Goal of the exercise => Up to and including the line with "পূব ডিব্ৰুগড়: কোটোহা", return every line from the start of the entries below exactly.
══ Data to use
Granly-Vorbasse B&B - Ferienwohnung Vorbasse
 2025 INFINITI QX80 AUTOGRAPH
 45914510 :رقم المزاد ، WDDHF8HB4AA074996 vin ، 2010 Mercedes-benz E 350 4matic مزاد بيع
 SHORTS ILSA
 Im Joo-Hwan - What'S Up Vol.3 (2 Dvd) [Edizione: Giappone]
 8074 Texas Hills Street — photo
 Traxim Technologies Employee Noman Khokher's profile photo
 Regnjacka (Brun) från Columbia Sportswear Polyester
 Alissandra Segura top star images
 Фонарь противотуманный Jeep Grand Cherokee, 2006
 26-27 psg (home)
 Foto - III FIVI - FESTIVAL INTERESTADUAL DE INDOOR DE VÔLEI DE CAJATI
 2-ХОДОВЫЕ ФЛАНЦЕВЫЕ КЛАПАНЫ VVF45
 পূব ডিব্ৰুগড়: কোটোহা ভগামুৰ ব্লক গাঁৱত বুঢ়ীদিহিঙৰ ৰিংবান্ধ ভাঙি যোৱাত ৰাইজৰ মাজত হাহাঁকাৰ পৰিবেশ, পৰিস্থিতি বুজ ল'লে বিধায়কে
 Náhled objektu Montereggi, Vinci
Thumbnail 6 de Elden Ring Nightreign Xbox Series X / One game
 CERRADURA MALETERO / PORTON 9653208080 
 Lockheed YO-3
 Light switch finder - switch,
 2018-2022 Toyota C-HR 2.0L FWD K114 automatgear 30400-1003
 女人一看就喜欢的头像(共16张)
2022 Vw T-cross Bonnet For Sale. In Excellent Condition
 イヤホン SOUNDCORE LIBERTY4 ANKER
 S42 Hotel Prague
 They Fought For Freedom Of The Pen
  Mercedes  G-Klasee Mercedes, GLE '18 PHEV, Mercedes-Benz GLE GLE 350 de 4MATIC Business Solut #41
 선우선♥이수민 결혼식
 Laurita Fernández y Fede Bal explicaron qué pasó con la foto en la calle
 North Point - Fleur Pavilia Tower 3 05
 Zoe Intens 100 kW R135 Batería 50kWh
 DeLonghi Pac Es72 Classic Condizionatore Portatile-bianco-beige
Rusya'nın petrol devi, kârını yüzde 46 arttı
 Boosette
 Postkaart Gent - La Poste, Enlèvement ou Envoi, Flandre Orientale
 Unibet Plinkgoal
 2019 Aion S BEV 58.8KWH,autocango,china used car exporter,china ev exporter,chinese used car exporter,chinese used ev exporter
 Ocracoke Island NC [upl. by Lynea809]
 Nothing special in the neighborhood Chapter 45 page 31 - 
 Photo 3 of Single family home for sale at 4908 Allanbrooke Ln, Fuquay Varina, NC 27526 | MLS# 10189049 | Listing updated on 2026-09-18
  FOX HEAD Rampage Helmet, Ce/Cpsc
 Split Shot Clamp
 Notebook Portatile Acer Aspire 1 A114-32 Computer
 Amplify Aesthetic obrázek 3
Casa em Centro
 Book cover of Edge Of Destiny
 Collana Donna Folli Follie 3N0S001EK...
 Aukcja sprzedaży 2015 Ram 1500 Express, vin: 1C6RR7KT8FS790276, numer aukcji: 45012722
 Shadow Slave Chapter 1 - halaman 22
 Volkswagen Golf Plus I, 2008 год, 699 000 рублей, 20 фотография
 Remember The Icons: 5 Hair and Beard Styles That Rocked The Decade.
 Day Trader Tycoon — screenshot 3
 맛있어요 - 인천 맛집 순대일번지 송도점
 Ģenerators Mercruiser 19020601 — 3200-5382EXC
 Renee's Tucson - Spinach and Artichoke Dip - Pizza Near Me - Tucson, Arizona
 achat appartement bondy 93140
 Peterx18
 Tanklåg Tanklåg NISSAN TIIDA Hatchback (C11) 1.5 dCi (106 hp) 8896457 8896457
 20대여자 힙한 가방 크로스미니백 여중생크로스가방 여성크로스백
════
Finished exercise =>
Granly-Vorbasse B&B - Ferienwohnung Vorbasse
 2025 INFINITI QX80 AUTOGRAPH
 45914510 :رقم المزاد ، WDDHF8HB4AA074996 vin ، 2010 Mercedes-benz E 350 4matic مزاد بيع
 SHORTS ILSA
 Im Joo-Hwan - What'S Up Vol.3 (2 Dvd) [Edizione: Giappone]
 8074 Texas Hills Street — photo
 Traxim Technologies Employee Noman Khokher's profile photo
 Regnjacka (Brun) från Columbia Sportswear Polyester
 Alissandra Segura top star images
 Фонарь противотуманный Jeep Grand Cherokee, 2006
 26-27 psg (home)
 Foto - III FIVI - FESTIVAL INTERESTADUAL DE INDOOR DE VÔLEI DE CAJATI
 2-ХОДОВЫЕ ФЛАНЦЕВЫЕ КЛАПАНЫ VVF45
 পূব ডিব্ৰুগড়: কোটোহা ভগামুৰ ব্লক গাঁৱত বুঢ়ীদিহিঙৰ ৰিংবান্ধ ভাঙি যোৱাত ৰাইজৰ মাজত হাহাঁকাৰ পৰিবেশ, পৰিস্থিতি বুজ ল'লে বিধায়কে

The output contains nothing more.